Insurance buyers may see costs slashed to zero and get targeted service, if certain recommendations are adopted

Last week, the Government of India's high-powered committee on financial reforms, chaired by Pension regulator Dhirendra Swarup made its recommendations public. Although, the report had many points that were of great interest, the one that caught the most attention was, understandably, the drastic reduction of the commissions that are paid out of insurance premiums to insurance agents. If the Swarup Committee's recommendations were to become the rule, then the amount of money deducted for commissions from the premiums that customers pay would gradually drop from the current 40 per cent to zero by 2011.

More than the actual progression of the reduction, what is most admirable about these recommendations is the clear and unequivocal connection it makes between commissions and mis-selling of insurance products. High commission levels are not an incidental evil. It's not as if insurance customers are paying a high cost for what is otherwise a good deal. Instead, high commission levels practically guarantee that customers will be sold products that are harmful to their financial health and will continue to deliver that harm over and above the initial financial damage of having a huge commission deducted from the premiums. Mis-selling is not an incidental evil that results from poorly-trained agents and financially illiterate customers. Instead, it is built into the current business model of the insurance industry.

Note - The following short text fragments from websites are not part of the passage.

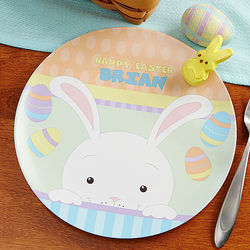 Kid's Personalized Happy Easter Bunny Plate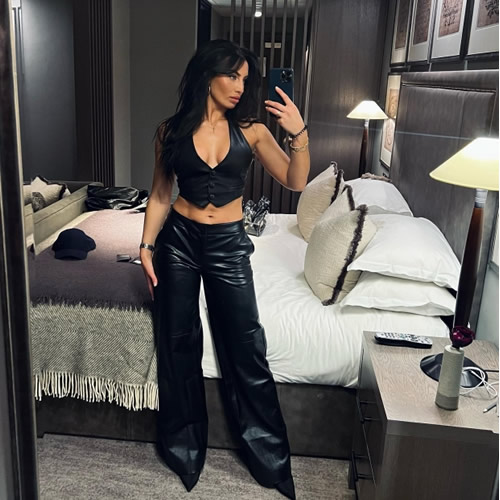 Kyle Walker’s wife Annie Kilner stuns in plunging crop top and leather trousers leaving England Wags in awe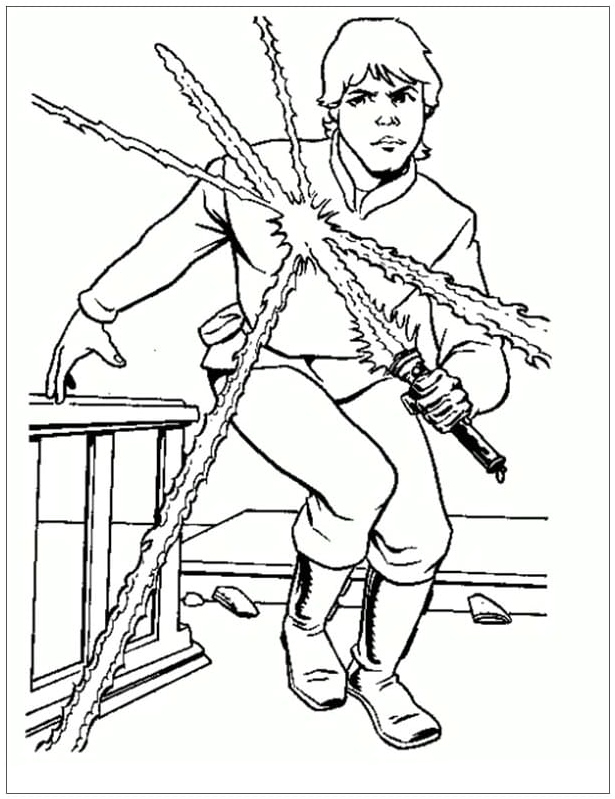 Luke Skywalker Engaged in Battle Coloring Page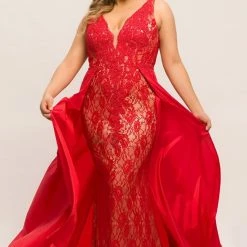 In Stock Long Sleeve Dresses Johnathan Kayne Sydney's Closet JK 2016 Size 18 Plus Size Lace Prom Dress Evening Gown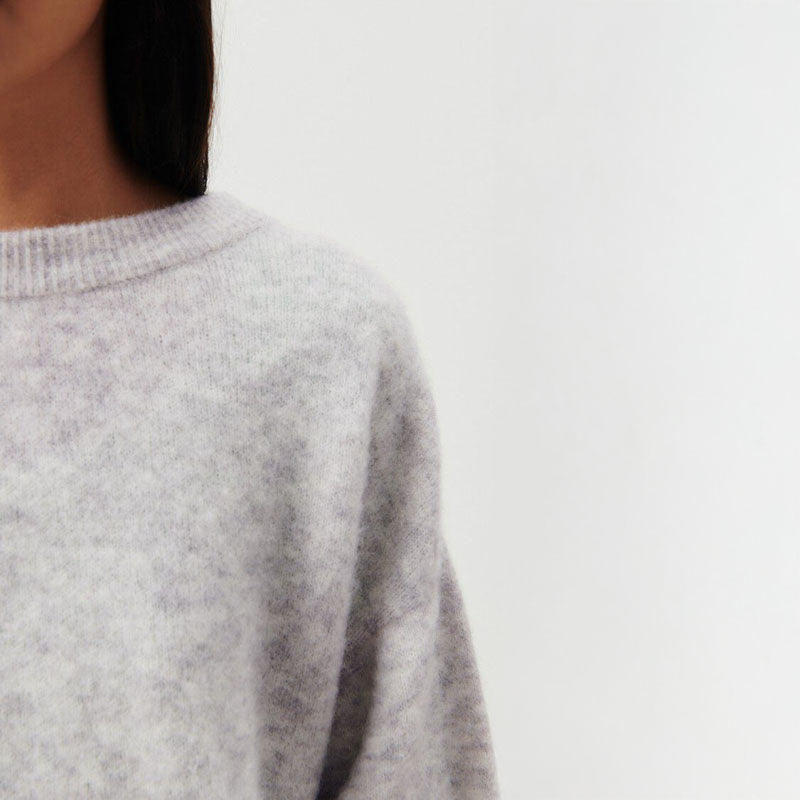 Vitow Jumper in Melange Light Grey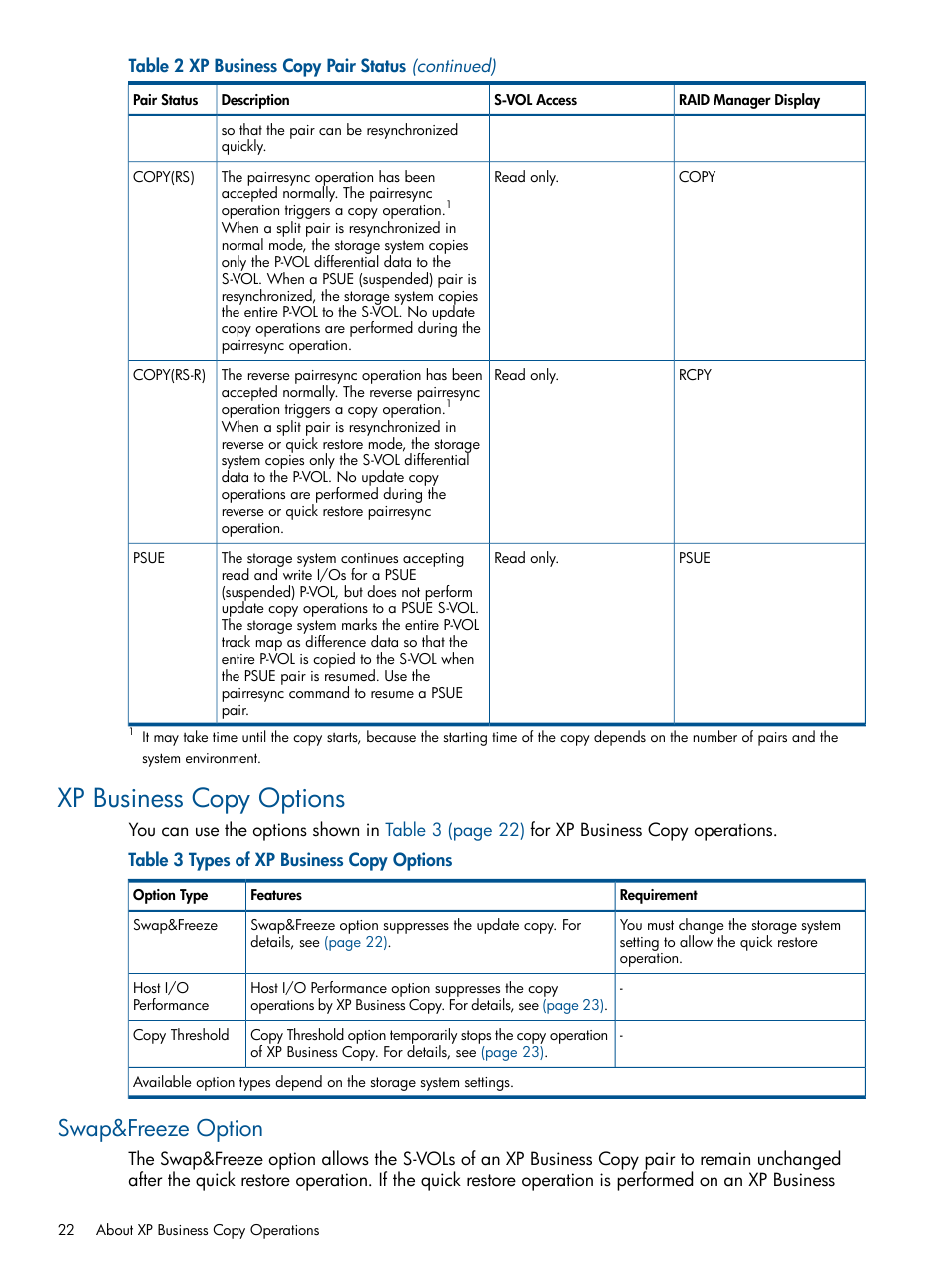 Xp business copy options, Swap&freeze option | HP StorageWorks XP Remote Web Console Software User Manual | Page 22 / 109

However, these recommendations have not become the actual law yet, and I'm keeping my fingers crossed on whether they will ever do so. The insurance industry wields tremendous influence in the corridors of power as well as in the media and you can expect all manner of arguments being put forth against these recommendations. There was this story, narrated with a perfectly straight face, on a business TV channel the other day which said that insurance reforms would lead to lower unit-linked insurance plan (ULIP) sales, which would lead to lower investments in the stock markets, which would affect the country's infrastructure development. I guess the implication is that it is an act of patriotism to have 40 per cent of your premium payment deducted and handed over to your insurance agent. I'm now eagerly waiting for someone to discover how fixing insurance mis-selling could damage the Indian cricket team's performance and worsen global warming.

Beyond the specifics, one important part of the committee's report is its comments on the negative impact of the diversity of financial regulators we have. People save and invest through banks, the post office, PF, stocks, mutual funds, insurance and now the NPS. The regulation of these entities is done by different bodies without any overarching principle. This creates a sort of a regulatory arbitrage which pushes savers towards making choices based on factors other than the inherent suitability of financial products.